Soldermasks with high surface energy and good wetting properties are more prone to contamination. Highly filled or fluorinated soldermask systems tend to have lower surface energy and are more resistant to moisture and contaminants.

Electric Field Strength

Higher voltages and smaller spacing between conductors result in stronger electric fields that increase the risk of tracking. The soldermask’s CTI rating must account for the maximum expected field strength in the application.

Conductor spacing and layout can be adjusted to decrease electric field strength. Rounding corners and avoiding sharp points also minimizes high stress areas.

Specifying Soldermask CTI

When specifying soldermask CTI for a high voltage PCB, consider the following:

1. Maximum voltage in application
2. Minimum spacing between conductors
3. Environmental conditions (humidity, contamination, etc.)
4. Required HDI or fine pitch features
5. Compatibility with other PCB materials
6. Cost targets

Work with your PCB fabricator to select the best soldermask option meeting your CTI requirements and design constraints. Some high CTI soldermasks may require adjusting your design files or minimum feature sizes.

Always test and qualify any new soldermask in your manufacturing process and end application to validate its CTI performance. Use accelerated humidity, voltage, and contamination testing to simulate worst-case field conditions.

FAQ

What is considered “high voltage” for PCB applications?

There is no single definition, but generally PCBs with voltages over 48V are considered high voltage. Telecom and networking equipment commonly uses 48-400V. Industrial motors and power supplies can range up to 600V or higher.

Do I need high CTI soldermask for every high voltage PCB?
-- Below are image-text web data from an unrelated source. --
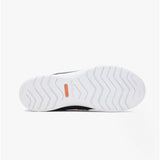 Hush Puppies GOOD Womens Recycled Mesh Slip-On Trainers Black/White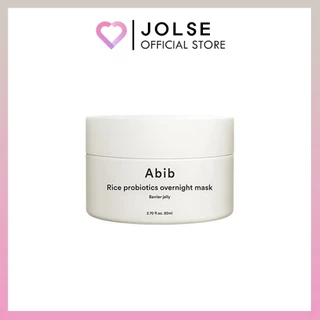 Abib Rice Probióticos Máscara Noturna Geléia Barreira 80ml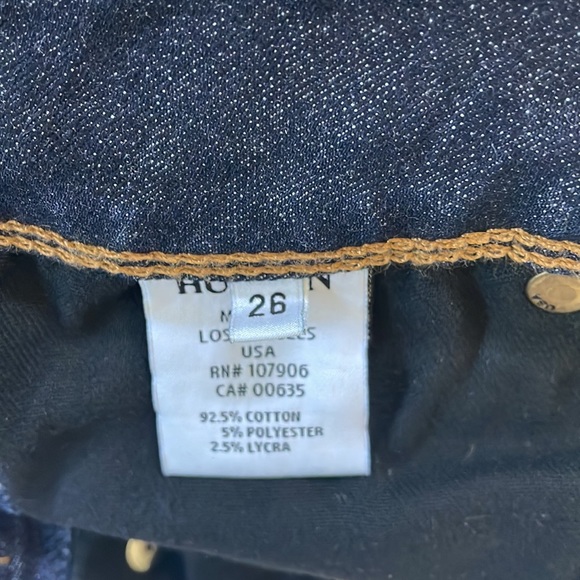 NWOT Hudson Collin Skinny Jeans 26 - Picture 8 of 12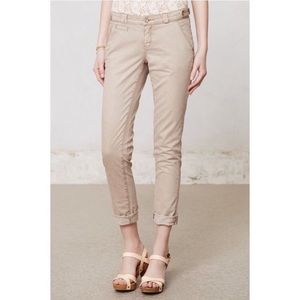 Anthropologie Khaki Pants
No, high CTI soldermask is most critical in applications with humid environments, condensing moisture, or risk of contamination. Lower CTI soldermasks may be acceptable in clean, dry environments with adequate conductor spacing and insulation.

Are high CTI soldermasks always green?

No, while green is the most common soldermask color, high CTI grades are available in other colors such as black, white, red, and blue to suit cosmetic requirements. Color has little effect on CTI performance.

Can I apply high CTI soldermask as a secondary coating over standard soldermask?

In some cases, yes. For example, a silicone coating can be sprayed or brushed over a standard soldermask in high risk areas as a secondary insulator. However, this adds cost and complexity compared to using a uniformly high CTI soldermask.

How does the glass transition temperature (Tg) of a soldermask affect its CTI?

Glass transition temperature is a measure of a polymer’s heat resistance. Above its Tg, a polymer becomes softer and more permeable to moisture, which can degrade its CTI performance. High CTI soldermasks typically require a minimum Tg of 130°C and preferably over 150°C to maintain CTI ratings in high temperature environments.

In summary, selecting an appropriate high CTI soldermask is essential for PCBs in high voltage applications to prevent field failures from tracking and shorts. By understanding the factors affecting soldermask CTI and working closely with your PCB manufacturer, you can specify the optimal soldermask for your design requirements and operating environment.